A zero gas is normally a pure gas that does not contain the component to be measured, and it should be as similar to the matrix of the measured sample as possible. The purity of the zero gas used to set the zero point on analytical instrumentation is critical and must be sufficiently high for the application in question. Contamination of zero gases can significantly influence the results of analytical measurements. Impurities occurring in concentrations as low as parts per billion can have serious consequences, particularly if the impurities are part of the sample to be analysed or if the analyst is not sure which molecules are present in the sample.
Legislation governing pollution and industrial emissions has tightened in recent years, as has fiscal monitoring for oil and gas trading. Consequently, the need to set an accurate zero point has become more important than ever. Increasingly accurate measurements of both product quality and emissions from industry are required. These developments demand precise calibration gas mixtures and ultra-high- purity zero gases.

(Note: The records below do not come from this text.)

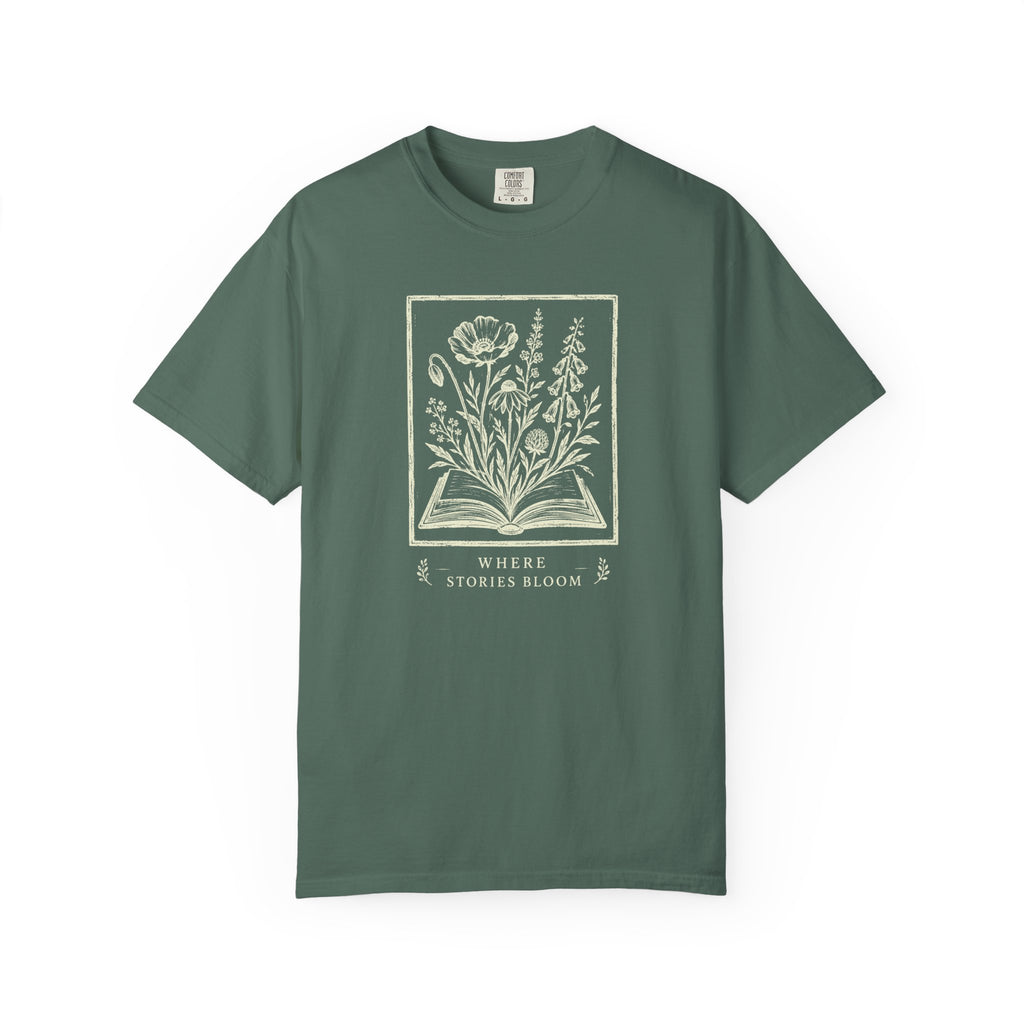 Where Stories Bloom T-Shirt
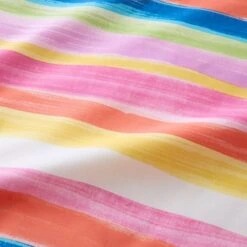 Watercolour Rainbow 100% Cotton Reversible Duvet Cover And Pillowcase Set 25 Watercolour Rainbow 100% Cotton Reversible Duvet Cover And Pillowcase Set -Home Luxe Studio 30957209 alt05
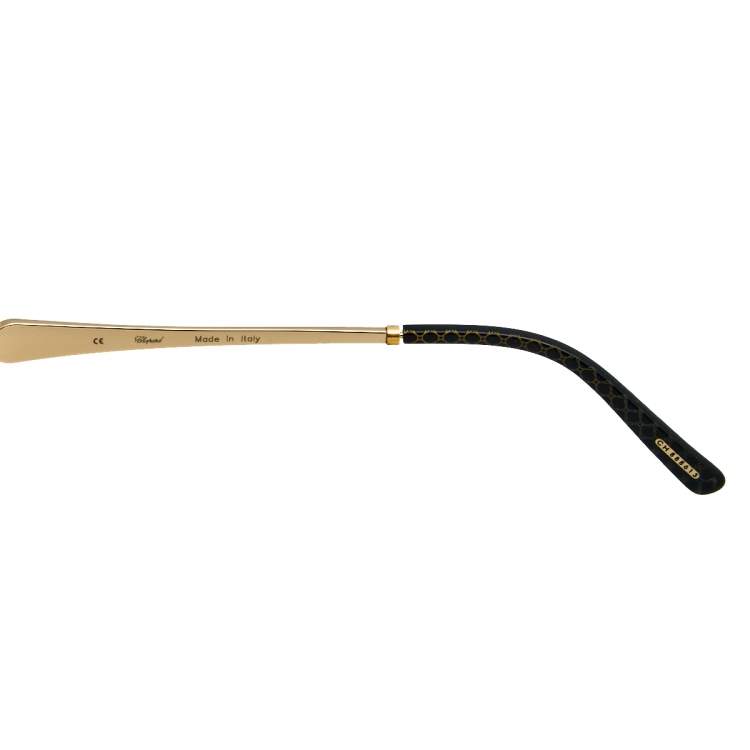 Pre Owned Chopard Gold Tone/ Grey Gradient SCH870S Aviator Sunglasses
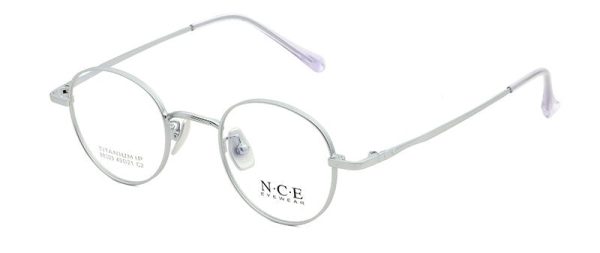 Bclear Unisex Eyeglasses Titanium Round Full Rim Sc88303 For Sale - Image 4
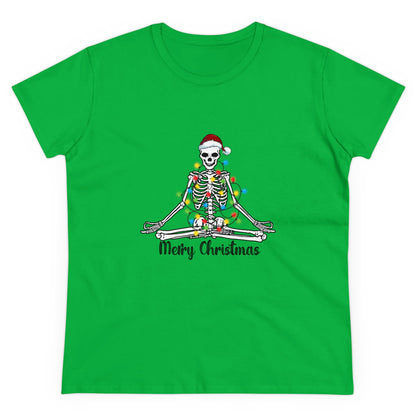 Skeleton Christmas, Christmas Graphic Shirts, Festive Holiday T-Shirts, Ugly Christmas Sweater Tees, Funny Christmas Shirt Designs, Cute Xmas Graphic Tees Irish Green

At Linde, we understand that the reliability of gas analysis is only ever as good as the quality of the instrumentation gases, the accuracy of the calibration gas mixtures and the purity of the zero gases used. Our zero gases spanning synthetic air, nitrogen, hydrogen, argon and helium range in purity from 5.0 up to 7.0, which is the highest commercially available grade (99.99999% pure with 0.1 parts per million of total impurities). We also provide certificates of analysis so you have proof of these exceptional quality attributes.
Complementing this offering, we have a range of gas pressure regulators and gas distribution systems for high-purity zero gases such as these. These are designed to meet the high quality standards required for specialty gases and can deal with high and low pressures plus high and low flows.